A maioria dos professores
o conhecia como o famoso JRQB, que dizia querer ser um famoso cirurgião
plástico. Veio a graduação e quando recebeu o “cartucho” das mãos do diretor da
faculdade, os membros de sua família lá estavam, para aplaudirem-no,
freneticamente. Afinal, um fato importante, pois era o primeiro da família dos
QB a receber o diploma de médico. A comemoração se deu no dia seguinte, em sua
mansão. A festa saiu na mídia, que chamou a atenção para a riqueza e detalhes
do evento , mas apenas três colegas e dois
professores participaram dela.
Passaram-se alguns anos e sabia-se que ele
trabalhava com um famoso cirurgião plástico, professor da faculdade, também
quatrocentão. Estava noivo, programando seu casamento com uma linda moça,
também de ilustre família, quando a vida lhe preparou uma cilada.
Um dia acordou e ao se olhar no espelhou
observou que suas pálpebras estavam muito inchadas, assim como seu rosto. Ao
urinar percebeu que saiu pouca quantidade, o que já havia notado antes. Logo
apareceram os outros sintomas. Foi procurar um colega que, facilmente, após
exames, diagnosticou uremia e insuficiência renal aguda. Teve que fazer diálise,
mas uma insuficiência renal crônica, com falência total dos rins, se instalou.
Já havia começado a fase dos transplantes, mas
o difícil era conseguir o doador, pois a fila era enorme e nem o dinheiro
resolvia. Tinha dois irmãos que se prontificaram a doar um de seus rins, com a
vantagem de ser um doador da família, com menor possibilidade de rejeição.
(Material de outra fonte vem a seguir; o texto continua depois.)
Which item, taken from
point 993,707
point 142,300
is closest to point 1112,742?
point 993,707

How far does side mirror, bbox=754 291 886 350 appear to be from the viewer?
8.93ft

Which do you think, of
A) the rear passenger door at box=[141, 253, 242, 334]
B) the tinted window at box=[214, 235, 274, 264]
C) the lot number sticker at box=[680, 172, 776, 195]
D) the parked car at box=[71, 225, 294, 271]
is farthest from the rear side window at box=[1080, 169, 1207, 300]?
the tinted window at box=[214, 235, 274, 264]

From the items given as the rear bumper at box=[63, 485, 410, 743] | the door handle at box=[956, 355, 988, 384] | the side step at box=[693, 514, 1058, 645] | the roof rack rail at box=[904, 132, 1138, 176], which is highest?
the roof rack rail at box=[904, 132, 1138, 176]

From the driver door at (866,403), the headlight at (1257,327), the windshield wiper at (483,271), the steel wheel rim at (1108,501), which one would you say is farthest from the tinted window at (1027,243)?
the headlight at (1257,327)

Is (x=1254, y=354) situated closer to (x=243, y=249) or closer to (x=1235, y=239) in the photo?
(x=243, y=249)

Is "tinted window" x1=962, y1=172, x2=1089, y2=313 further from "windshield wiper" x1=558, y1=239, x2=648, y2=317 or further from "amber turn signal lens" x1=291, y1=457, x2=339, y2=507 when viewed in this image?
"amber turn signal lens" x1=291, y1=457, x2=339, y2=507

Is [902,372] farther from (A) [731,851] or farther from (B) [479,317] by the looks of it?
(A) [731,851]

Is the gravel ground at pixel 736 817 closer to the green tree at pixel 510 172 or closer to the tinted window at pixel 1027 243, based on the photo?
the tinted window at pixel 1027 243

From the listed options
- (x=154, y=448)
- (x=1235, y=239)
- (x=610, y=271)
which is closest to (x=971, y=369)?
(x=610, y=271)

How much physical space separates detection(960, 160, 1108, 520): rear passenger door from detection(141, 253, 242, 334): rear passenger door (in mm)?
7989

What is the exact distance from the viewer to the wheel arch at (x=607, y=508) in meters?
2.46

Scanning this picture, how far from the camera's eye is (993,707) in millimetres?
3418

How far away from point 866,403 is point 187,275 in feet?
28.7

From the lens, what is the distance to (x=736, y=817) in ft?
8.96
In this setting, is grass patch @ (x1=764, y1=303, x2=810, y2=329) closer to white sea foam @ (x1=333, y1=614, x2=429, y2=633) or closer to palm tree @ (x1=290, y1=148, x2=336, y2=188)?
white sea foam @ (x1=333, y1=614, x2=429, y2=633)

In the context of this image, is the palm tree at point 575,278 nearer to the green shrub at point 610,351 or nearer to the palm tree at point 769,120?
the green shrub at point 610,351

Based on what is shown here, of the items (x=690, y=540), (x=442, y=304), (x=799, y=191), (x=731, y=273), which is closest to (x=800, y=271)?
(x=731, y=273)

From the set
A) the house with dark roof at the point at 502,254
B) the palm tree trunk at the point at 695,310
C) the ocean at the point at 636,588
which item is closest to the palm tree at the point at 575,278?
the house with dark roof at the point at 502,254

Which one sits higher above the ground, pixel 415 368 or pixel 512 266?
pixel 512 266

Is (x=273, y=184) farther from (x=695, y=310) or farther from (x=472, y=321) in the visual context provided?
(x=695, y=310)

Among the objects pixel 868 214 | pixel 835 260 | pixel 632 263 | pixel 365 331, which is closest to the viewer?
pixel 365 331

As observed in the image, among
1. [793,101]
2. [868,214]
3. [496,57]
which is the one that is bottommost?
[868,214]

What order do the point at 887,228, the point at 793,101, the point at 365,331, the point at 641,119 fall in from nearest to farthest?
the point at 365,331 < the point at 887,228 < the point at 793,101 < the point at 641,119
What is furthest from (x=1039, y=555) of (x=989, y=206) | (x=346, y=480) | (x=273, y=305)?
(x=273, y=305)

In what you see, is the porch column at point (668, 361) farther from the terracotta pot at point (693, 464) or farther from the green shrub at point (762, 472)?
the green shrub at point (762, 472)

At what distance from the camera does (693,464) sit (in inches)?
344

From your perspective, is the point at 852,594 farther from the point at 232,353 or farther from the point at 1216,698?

Ocorreu então algo inesperado. Os seus pais
agora já idosos, proibiram qualquer irmão doasse o seu rim. JR não entendeu. Perguntava
aos pais:
— Por que eles não podem
me doar um dos rins? Como irmão, é mais difícil a rejeição, nos afirmou o especialista.
Os pais continuaram negando, mas não explicavam nada.
JR tornou-se muito agressivo, descompensado,
agitado como nunca estivera antes.
Um dia, vendo a situação
psicológica dele se agravar, uma tia idosa, aproximou-se dele e disse:
— Seus pais têm razão em
um ponto importante. Eles nunca tiveram coragem de lhe falar, mas você é filho
adotivo, pego para criar com alguns meses de idade. Sua mãe era uma empregada
da família, que se tornou mãe solteira e não tinha condições para cria-lo. Ela
morreu faz alguns anos. Somente alguns membros de nossa família conhecem este
fato, mas tive que lhe contar, porque não sendo da mesma família, o risco de
rejeição renal é grande. Ouvindo tudo isto, JR ficou imóvel, mais pálido do que
já estava e apenas bradou:
— Mas, por que eles não me
contaram a verdade? Porque fui enganado toda a minha vida? Isto não se faz. Me
fizeram de idiota e até me diziam que eu era quatrocentão! Na realidade, sou um
verdadeiro bosta.
Sua tia saiu, ele trancou a porta do quarto,
não quis falar com mais ninguém. No dia seguinte saiu cedo, comprou um mata
rato e ao chegar em casa, tomou-o junto com refrigerante.
Teve um enterro de quatrocentão, no Cemitério
da Consolação, no mausoléu da família QB.